→ The data:

- - - - -

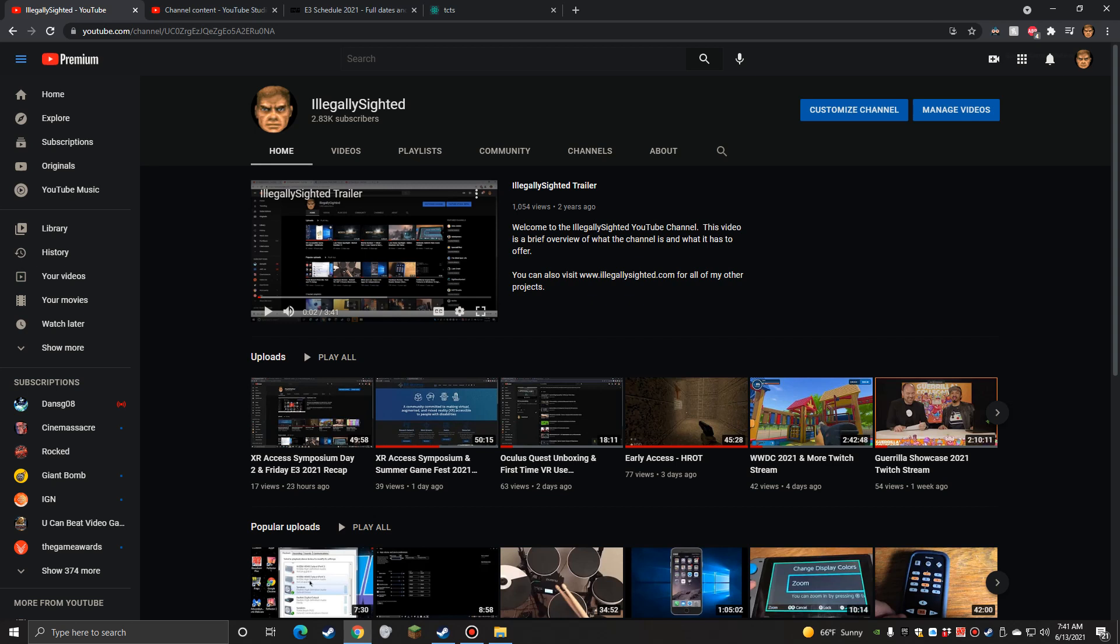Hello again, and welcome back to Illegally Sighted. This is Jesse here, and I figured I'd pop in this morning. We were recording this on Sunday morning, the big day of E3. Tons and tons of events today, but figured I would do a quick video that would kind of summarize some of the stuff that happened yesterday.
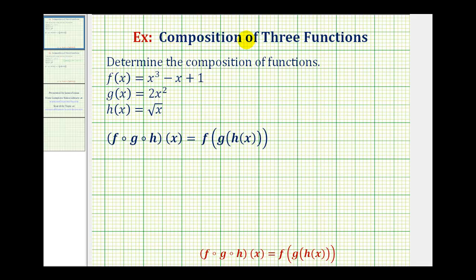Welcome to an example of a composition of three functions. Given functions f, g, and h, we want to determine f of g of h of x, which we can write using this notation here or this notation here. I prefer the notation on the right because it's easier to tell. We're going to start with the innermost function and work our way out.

- - - - -

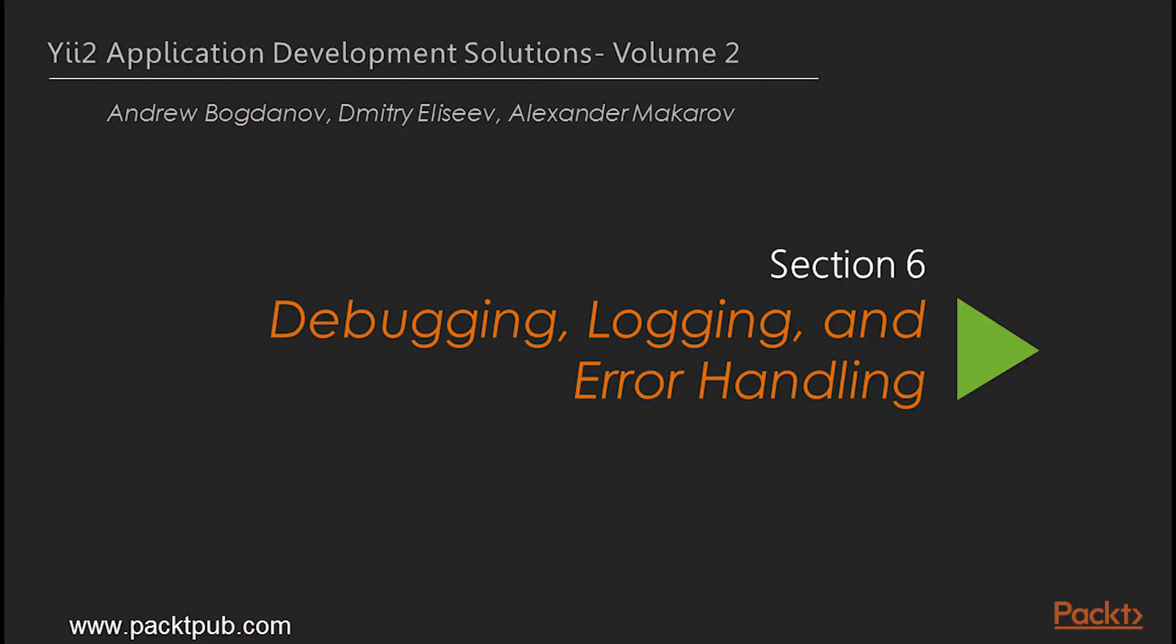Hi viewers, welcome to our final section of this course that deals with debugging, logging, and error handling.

- - - - -

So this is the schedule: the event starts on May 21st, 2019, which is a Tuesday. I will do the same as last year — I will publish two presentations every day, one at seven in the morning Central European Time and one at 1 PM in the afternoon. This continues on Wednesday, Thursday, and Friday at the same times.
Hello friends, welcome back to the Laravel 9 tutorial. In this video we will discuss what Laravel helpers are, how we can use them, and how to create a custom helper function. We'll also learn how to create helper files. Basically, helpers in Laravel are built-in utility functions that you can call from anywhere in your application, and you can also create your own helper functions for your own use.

- - - - -

→ Task instructions:
Would you set down only the lines above from the line with "Hello again, and" to the line with "Welcome to an", both included, exactly as they stand and without the pictures?

→ Answer space:
Hello again, and welcome back to Illegally Sighted. This is Jesse here, and I figured I'd pop in this morning. We were recording this on Sunday morning, the big day of E3. Tons and tons of events today, but figured I would do a quick video that would kind of summarize some of the stuff that happened yesterday.
Welcome to an example of a composition of three functions. Given functions f, g, and h, we want to determine f of g of h of x, which we can write using this notation here or this notation here. I prefer the notation on the right because it's easier to tell. We're going to start with the innermost function and work our way out.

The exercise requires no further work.